> [Your objective] Where the listing below reaches the line containing "6849 Barnwell Drive Boynton Beach FL 33437", start writing out lines exactly, and stop once the line containing "Artemis Plaza Aparthotel" has been written.

> [Information shown]

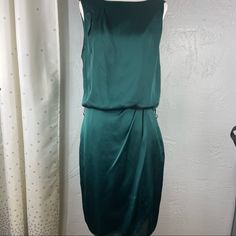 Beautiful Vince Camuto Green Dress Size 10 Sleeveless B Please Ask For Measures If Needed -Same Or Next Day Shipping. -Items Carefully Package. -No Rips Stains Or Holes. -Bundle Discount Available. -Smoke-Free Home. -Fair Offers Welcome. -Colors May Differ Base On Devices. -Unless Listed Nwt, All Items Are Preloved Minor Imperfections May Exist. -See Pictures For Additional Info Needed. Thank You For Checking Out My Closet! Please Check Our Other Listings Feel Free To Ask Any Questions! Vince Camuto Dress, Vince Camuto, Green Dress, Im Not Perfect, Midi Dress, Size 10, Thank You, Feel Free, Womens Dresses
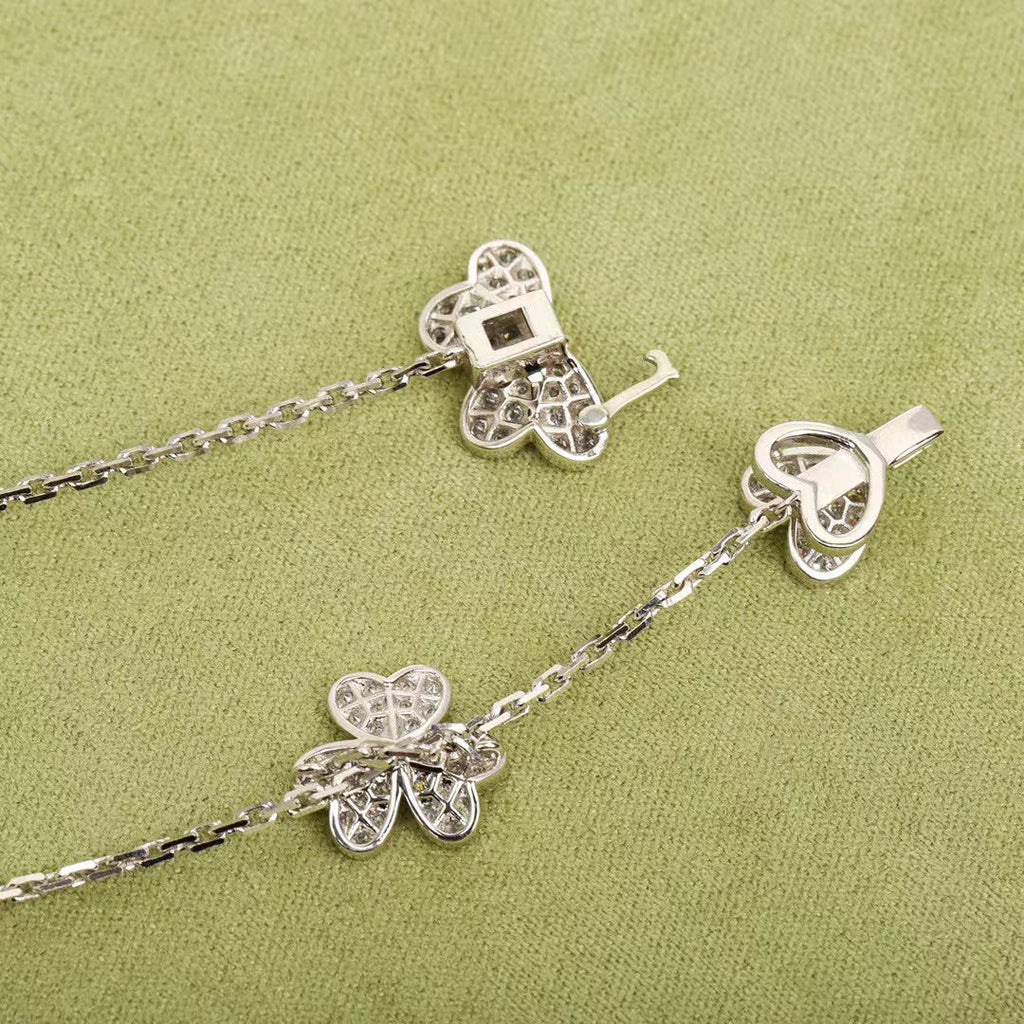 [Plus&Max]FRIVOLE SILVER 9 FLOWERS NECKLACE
--
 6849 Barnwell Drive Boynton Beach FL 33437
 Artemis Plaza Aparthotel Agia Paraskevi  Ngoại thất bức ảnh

> [Problem solution]
 6849 Barnwell Drive Boynton Beach FL 33437
 Artemis Plaza Aparthotel Agia Paraskevi  Ngoại thất bức ảnh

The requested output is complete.